IDnet are the latest ISP to announce they are selling up-to 40Mbps fibre broadband products using BT's fibre-to-the-cabinet service. 32 exchanges are currently active with fibre run to road side cabinets where VDSL2 equipment is connected to phone lines, but this is set to increase to 66% coverage by 2015. The IDnet fibre coverage checker will tell you if you can receive the service, or an estimated date of when your area will be enabled, if available.
Both Home products and Business products are available with the cheapest being Home Start Fibre at £24.99 per month (£22.91 per month if bought annually), including 15GB peak time allowance (9am - midnight) and 45GB offpeak.
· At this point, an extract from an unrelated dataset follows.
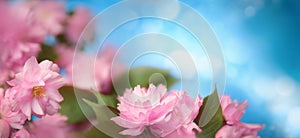 Beautiful pink cherry blossoms with blue bokeh background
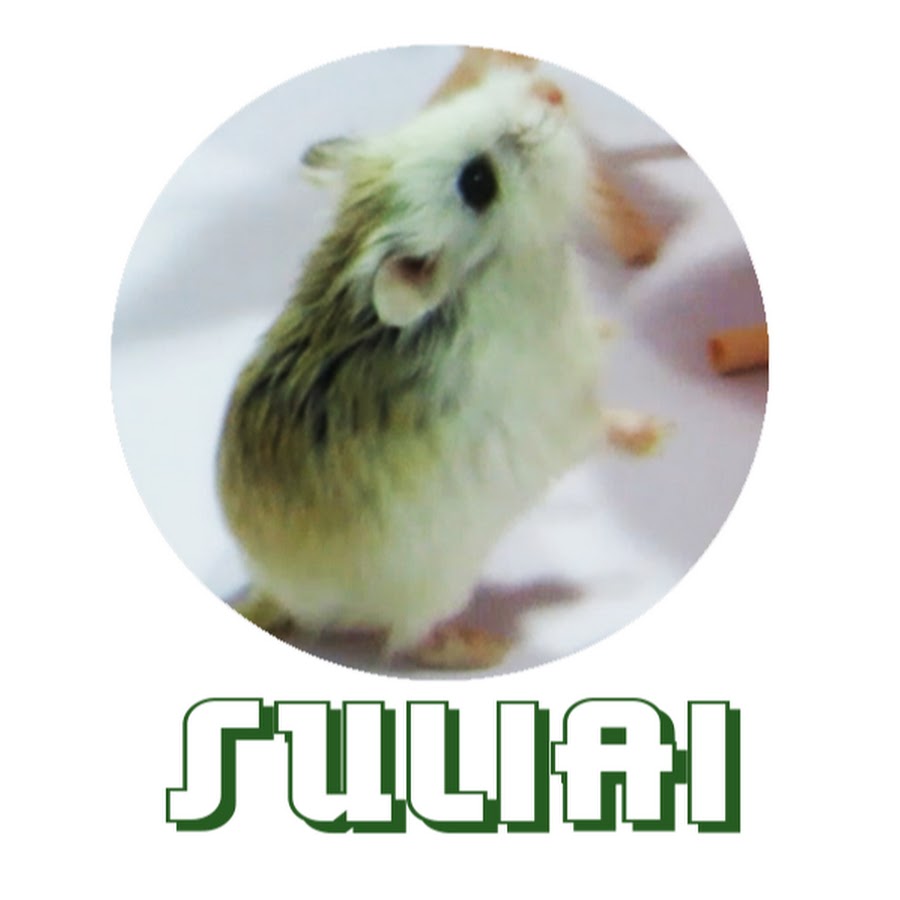 Profile avatar of suliai4958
The highest usage aimed at home users is the Home SuperPro Fibre which includes 400GB a month (80GB peak) for £46.99. A minimum 12 month contract and a connection charge of £47 apply.
For those looking for an unlimited download allowance product, the Business packages offer an option for this at £99.50 per month with an SLA guaranteeing a fix within 24 hours. All business and home fibre products offer a download speed of up-to 40meg and upload speeds of up-to 10meg.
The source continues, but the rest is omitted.